(Source data)
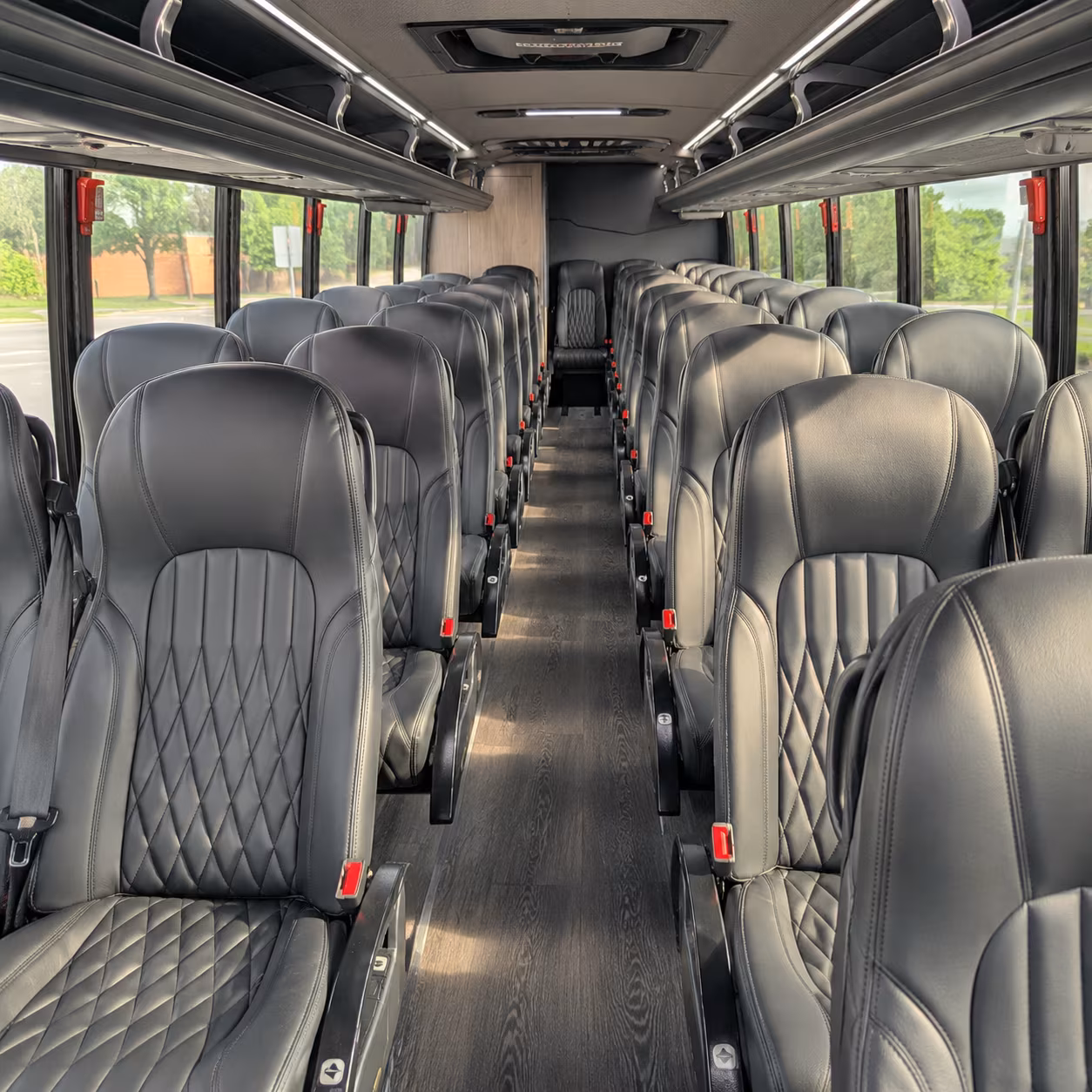 the bronx 35 passenger minibus inside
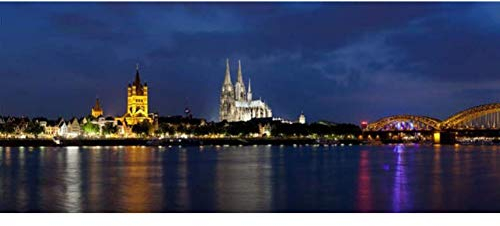 DIY 5D Voll Bohrer Diamant Malerei Kits Kölner Dom diamond painting Kristall Strass Stickerei gemälde Kreuzstich Kunsthandwerk für Home Wand-DecorRound Drill40x80cm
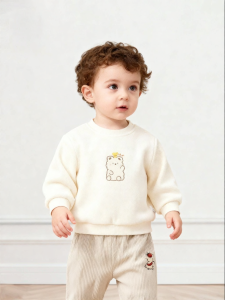 GURCOOC | Áo Hoodie Dài Tay Cổ Tròn Làm Lớp Đệm Dành Cho Bé Trai và Bé Gái Mùa Xuân và Thu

(Problem to work on) Would you please give the material above again, unchanged but without pictures?

(Task response)
 the bronx 35 passenger minibus inside
 DIY 5D Voll Bohrer Diamant Malerei Kits Kölner Dom diamond painting Kristall Strass Stickerei gemälde Kreuzstich Kunsthandwerk für Home Wand-DecorRound Drill40x80cm
 GURCOOC | Áo Hoodie Dài Tay Cổ Tròn Làm Lớp Đệm Dành Cho Bé Trai và Bé Gái Mùa Xuân và Thu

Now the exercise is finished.